#### Data segment

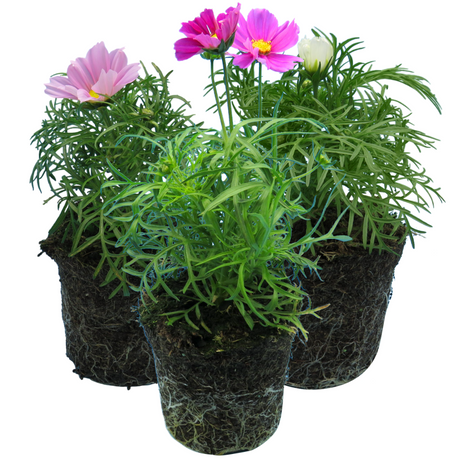 Set of Cosmos bipinnatus 'Apollo Carmine', 'Apollo White' and 'Apollo Pink' from Cedar Nursery, Cobham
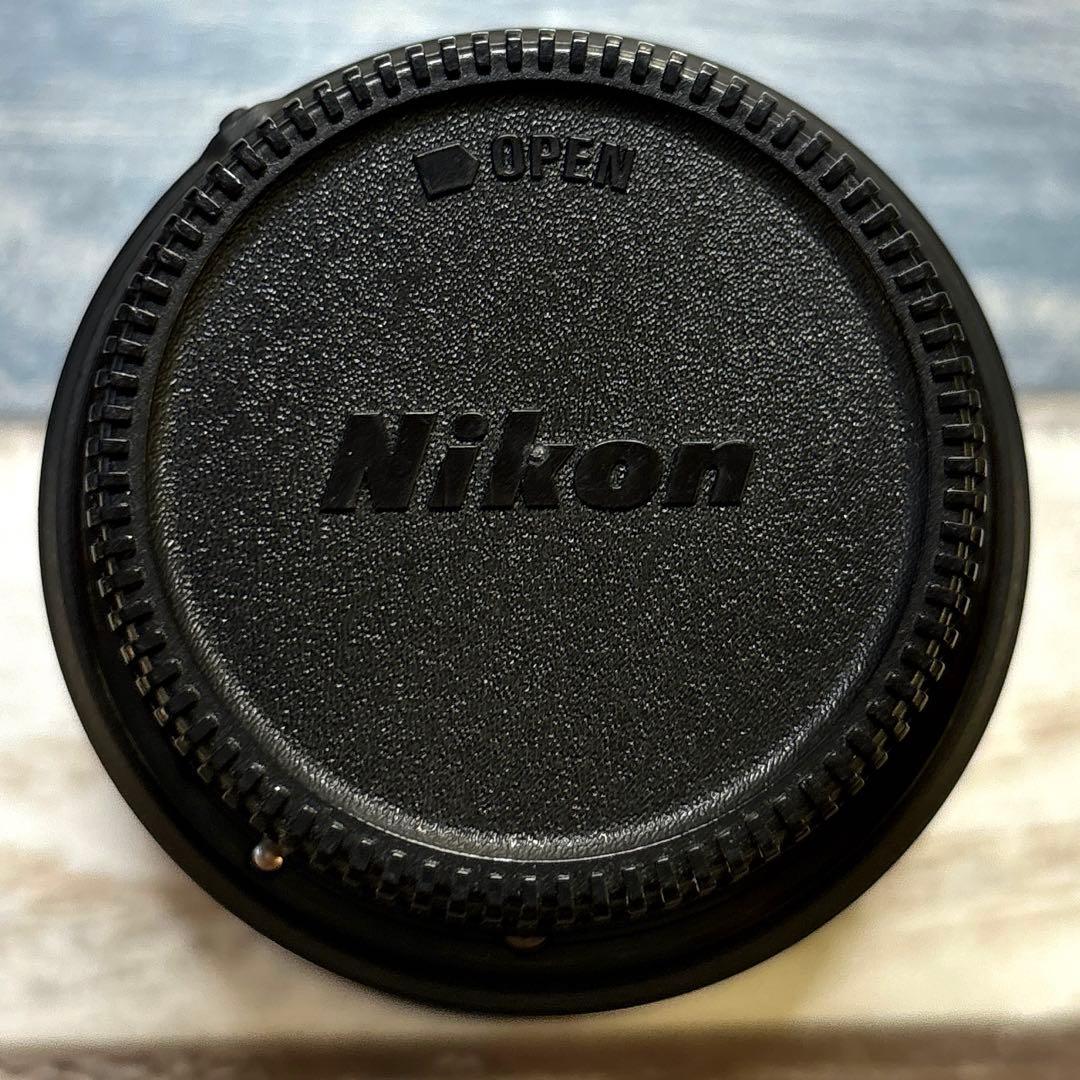 Nikon 広角ズームレンズ AF-P DX NIKKOR 10-20mm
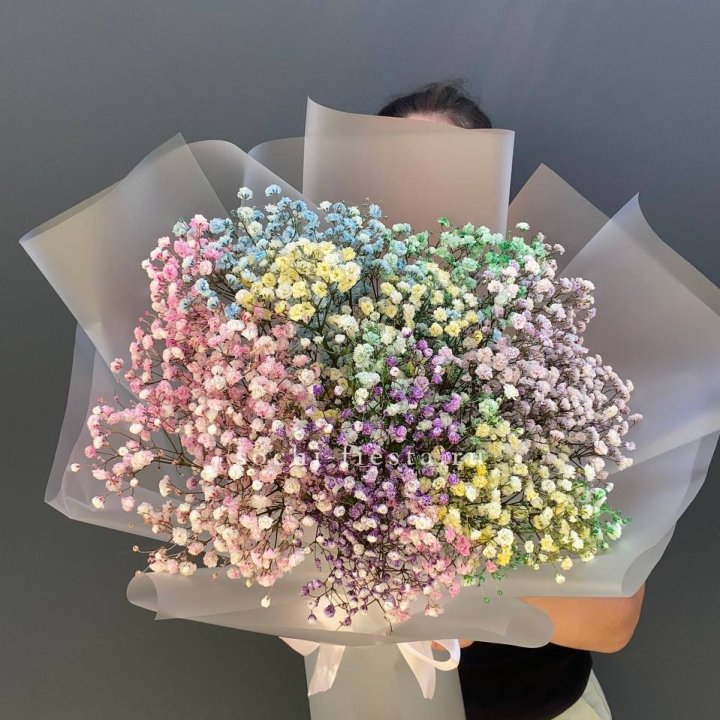 Радужные гипсофилы  в Братске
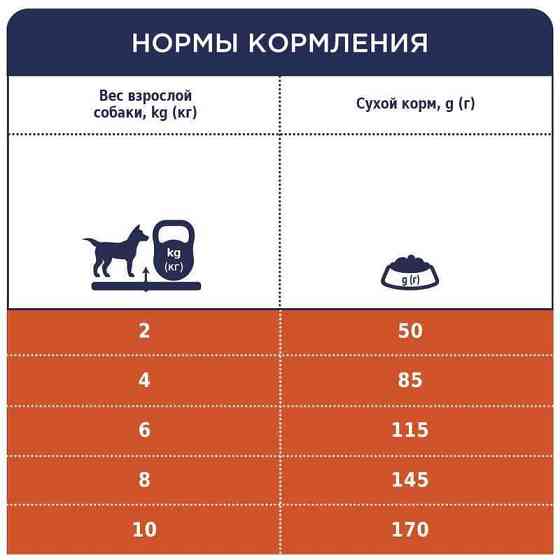 Club 4 Paws (Полуб 4 Лапи) Premium Adult Small Breed Lamb сухий корм з ягням для собак малих порід Запоріжжя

########

### Exercise directions
Please give back the data above word for word, with no pictures included.

### Answer
 Set of Cosmos bipinnatus 'Apollo Carmine', 'Apollo White' and 'Apollo Pink' from Cedar Nursery, Cobham
 Nikon 広角ズームレンズ AF-P DX NIKKOR 10-20mm
 Радужные гипсофилы  в Братске
 Club 4 Paws (Полуб 4 Лапи) Premium Adult Small Breed Lamb сухий корм з ягням для собак малих порід Запоріжжя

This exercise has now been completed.